The license was granted on the condition that Martin Scahill, a former business partner of the owners, is barred from any involvement with the pub. Scahill was a part owner of My Brother’s Place, a bar that used to occupy the building at 237 2nd Street NW but shut down after failing to pay fines for multiple charges of serving alcohol to minors.
Rachel Traverso, who, along with her father Richard Traverso, owns The Alibi, was previously engaged to Scahill and was an employee at My Brother’s Place, according to the ABRA order.
The order detailed numerous penalties levied against My Brother’s Place during its “sad and sordid history.”
“The litany of misdeeds committed at the establishment includes multiple incidents of illegal alcohol sales to large numbers of minors and the intentional sale of age identifying wristbands to minors by employees so that the minors could buy alcohol inside the establishment,” the ABRA order says.
My Brother’s Place developed a reputation for serving to minors, particularly among Catholic University students, who reported being served alcohol without showing ID or after showing poor-quality fake identification, according to ABRA. The owners of My Brother’s Place still owe $16,500 in unpaid fines related to these charges.
After My Brother’s Place closed, Scahill applied for a license for a new eatery at the location. Scahill was accused by the alcohol board of being unfit to receive a license based on his history with My Brother’s Place, but a hearing was never held as Scahill revoked his application.
The license process for The Alibi was delayed as the regulation board attempted to determine Scahill’s involvement with the new company that owns and operates the pub. Ultimately, the owners offered to obtain an order barring Scahill from the location and any involvement with the company for five years.

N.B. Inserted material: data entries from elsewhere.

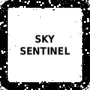 SKY SENTINEL game image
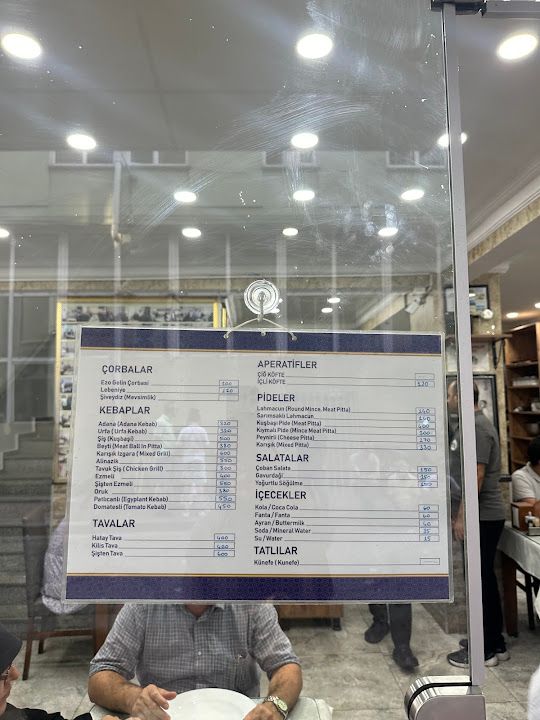 Fotoğraf 47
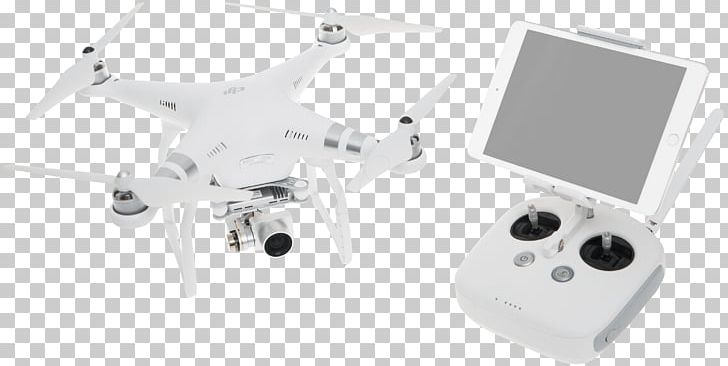 Mavic Pro Unmanned Aerial Vehicle Phantom DJI Parrot AR.Drone PNG, Clipart, 4k Resolution, Aircraft, Airplane, Camera, Dji Free PNG Download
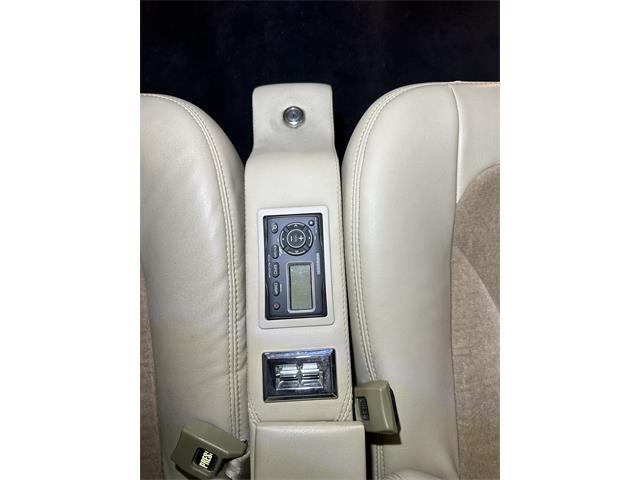 1937 Chevrolet Suburban (CC-1875658) for sale in Pasco, Washington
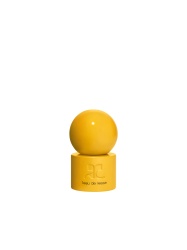Courreges, L'Eau de Liesse, Eau De Parfum, For Women, 50 ml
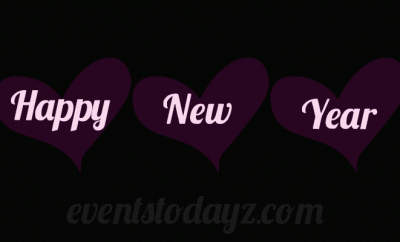 happy-new-year-gif-animated-image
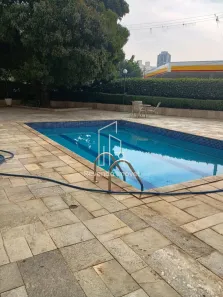 Apartamento com 2 Quartos à venda, 83m² no Vila Guilherme, São Paulo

The barring notice requires the owners of The Alibi to call the police if Scahill is on the premises and prevents Scahill from doing any paid or unpaid work for the company.

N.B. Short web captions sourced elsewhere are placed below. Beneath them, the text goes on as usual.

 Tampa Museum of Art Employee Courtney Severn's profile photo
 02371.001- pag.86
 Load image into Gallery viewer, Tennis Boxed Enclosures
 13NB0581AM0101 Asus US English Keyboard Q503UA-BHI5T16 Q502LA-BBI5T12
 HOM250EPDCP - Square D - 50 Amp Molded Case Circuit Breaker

On Wednesday, ABRA accepted the barring notice against Scahill and granted the pub a license to serve alcohol on the condition that they adhere to the terms of the notice.
The pub, which has operated as a restaurant without liquor since March 2015, does not have a set drink menu yet. However, a sample preview menu on their website lists a mix of American and British craft beers as well as a cocktail menu.
The owners of The Alibi could not immediately be reached for comment.